Micros fixed three problems at once:

  1. Precision risk control. With MES at $5 a point, you can risk $50 on a trade with a sensible 10-point stop. The same stop on ES risks $500. Micros let your stop distance be driven by the chart, not by your account size.
  2. Scaling in and out. Trading ten micros instead of one mini lets you take partial profits — sell five, hold five — something impossible with a single mini contract.
  3. Realistic practice with real stakes. Simulators teach mechanics, but they do not teach you how you behave with money on the line. Micros let you trade live with genuine emotional skin in the game at a survivable cost.

When to trade micros vs. minis

Choose micros if you:

  • Are newer to futures and still building consistency.
  • Have a smaller account where mini-sized swings would breach sensible risk limits.
  • Want to scale in and out in fine increments.
  • Are testing a new strategy live and want to keep the cost of being wrong low.

Step up to minis when:

  • Your account is large enough that one mini contract is still a small percentage of risk per trade.
  • The dollar precision of micros no longer matters relative to your size, and you would otherwise be trading ten-plus micros.
  • Commission efficiency tips the scales — at higher size, one mini can cost less in fees than ten equivalent micros (check your broker's commission schedule).

A common progression is to start in micros, prove a strategy works over many trades, and then convert to minis once a single mini contract represents an acceptable fraction of your risk budget. There is no rush; the micros are the same market and will always be there.

A simple sizing example

Say your rule is to risk no more than $100 on any trade, and your chart-based stop is 12 points away on the Nasdaq.

  • MNQ (micro): 12 points × $2 = $24 risk per contract → you could trade up to 4 contracts and stay near your $100 limit.
  • NQ (mini): 12 points × $20 = $240 risk per contract → even one contract blows through your $100 rule.

The micro lets your stop sit where the chart says it should while keeping risk inside your limit. That flexibility, not the lower margin, is the real advantage.
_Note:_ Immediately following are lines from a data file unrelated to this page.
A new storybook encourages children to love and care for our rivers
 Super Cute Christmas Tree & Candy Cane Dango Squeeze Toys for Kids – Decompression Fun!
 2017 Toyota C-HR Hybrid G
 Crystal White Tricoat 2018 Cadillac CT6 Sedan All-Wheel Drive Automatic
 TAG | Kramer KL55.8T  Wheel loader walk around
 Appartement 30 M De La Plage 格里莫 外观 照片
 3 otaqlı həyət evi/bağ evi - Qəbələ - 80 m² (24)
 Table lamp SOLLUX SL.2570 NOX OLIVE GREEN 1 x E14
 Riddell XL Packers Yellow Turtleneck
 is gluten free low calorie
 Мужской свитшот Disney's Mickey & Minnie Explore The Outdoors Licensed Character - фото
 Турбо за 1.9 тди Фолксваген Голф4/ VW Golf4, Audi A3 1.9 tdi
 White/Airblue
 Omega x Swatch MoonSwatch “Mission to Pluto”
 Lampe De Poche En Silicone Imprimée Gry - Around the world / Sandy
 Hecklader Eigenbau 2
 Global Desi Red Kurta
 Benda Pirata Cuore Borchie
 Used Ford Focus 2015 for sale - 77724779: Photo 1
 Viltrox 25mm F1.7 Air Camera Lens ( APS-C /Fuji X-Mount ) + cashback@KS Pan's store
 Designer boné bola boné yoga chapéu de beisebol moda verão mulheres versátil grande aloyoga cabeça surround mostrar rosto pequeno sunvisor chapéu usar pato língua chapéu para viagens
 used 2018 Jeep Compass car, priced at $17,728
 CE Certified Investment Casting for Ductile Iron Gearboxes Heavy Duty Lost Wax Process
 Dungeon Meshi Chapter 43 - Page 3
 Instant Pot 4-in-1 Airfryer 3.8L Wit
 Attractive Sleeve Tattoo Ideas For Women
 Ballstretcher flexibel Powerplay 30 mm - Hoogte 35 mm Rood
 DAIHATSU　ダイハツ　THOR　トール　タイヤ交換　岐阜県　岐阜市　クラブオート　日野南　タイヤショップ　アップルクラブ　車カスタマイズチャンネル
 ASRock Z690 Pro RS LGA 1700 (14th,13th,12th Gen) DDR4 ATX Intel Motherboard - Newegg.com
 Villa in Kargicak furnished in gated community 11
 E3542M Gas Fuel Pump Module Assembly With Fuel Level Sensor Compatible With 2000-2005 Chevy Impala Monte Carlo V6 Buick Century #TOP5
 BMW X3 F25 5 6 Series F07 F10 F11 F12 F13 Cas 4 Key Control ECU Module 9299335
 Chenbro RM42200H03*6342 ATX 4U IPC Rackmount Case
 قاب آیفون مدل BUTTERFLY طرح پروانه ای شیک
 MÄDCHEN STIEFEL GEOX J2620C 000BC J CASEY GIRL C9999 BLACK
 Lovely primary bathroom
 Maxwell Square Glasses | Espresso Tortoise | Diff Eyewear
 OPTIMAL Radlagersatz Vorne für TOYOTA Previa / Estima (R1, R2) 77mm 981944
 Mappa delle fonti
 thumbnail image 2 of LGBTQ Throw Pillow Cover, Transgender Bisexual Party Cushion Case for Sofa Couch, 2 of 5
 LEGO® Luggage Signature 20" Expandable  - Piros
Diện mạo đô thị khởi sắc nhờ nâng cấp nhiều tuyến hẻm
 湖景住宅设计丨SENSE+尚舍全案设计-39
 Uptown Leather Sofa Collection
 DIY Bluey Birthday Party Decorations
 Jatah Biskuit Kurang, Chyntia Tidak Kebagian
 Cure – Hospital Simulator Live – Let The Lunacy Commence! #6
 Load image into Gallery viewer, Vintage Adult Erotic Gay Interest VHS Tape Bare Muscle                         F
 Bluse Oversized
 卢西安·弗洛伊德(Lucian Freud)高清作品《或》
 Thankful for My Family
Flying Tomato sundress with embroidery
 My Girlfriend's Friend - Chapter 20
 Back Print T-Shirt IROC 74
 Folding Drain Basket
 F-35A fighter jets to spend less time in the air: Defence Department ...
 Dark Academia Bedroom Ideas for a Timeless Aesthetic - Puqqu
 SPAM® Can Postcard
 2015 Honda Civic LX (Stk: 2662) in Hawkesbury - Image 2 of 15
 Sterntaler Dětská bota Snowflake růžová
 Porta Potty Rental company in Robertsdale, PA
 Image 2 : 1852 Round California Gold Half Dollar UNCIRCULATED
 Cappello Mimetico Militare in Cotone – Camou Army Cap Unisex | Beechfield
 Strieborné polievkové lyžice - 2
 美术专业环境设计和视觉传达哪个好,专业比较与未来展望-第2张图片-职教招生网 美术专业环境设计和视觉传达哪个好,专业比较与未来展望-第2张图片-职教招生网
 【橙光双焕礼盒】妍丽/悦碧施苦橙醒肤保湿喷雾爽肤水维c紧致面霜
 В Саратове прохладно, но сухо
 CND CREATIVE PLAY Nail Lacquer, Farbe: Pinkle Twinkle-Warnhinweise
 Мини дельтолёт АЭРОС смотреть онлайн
Don't let low margin fool you

Because micros require less margin, it is tempting to treat them as "cheap" and overload on contracts. Resist it. The right number of contracts is whatever keeps your dollar risk per trade inside your plan — not the maximum your buying power allows. Low margin is simply more available leverage; how much of it you use is the decision that determines whether you survive. (See our walkthrough of futures margin for why this matters.)

The bottom line

Micro futures give you the same markets as the E-minis at one-tenth the dollar value, which makes them the most flexible risk-management tool available to retail futures traders. Use them to set stops where the chart demands, to scale in and out, and to trade live without oversized risk. Graduate to minis only when your account can comfortably absorb the larger swings — and remember that the smaller contract is never a lesser one, just a more precise one.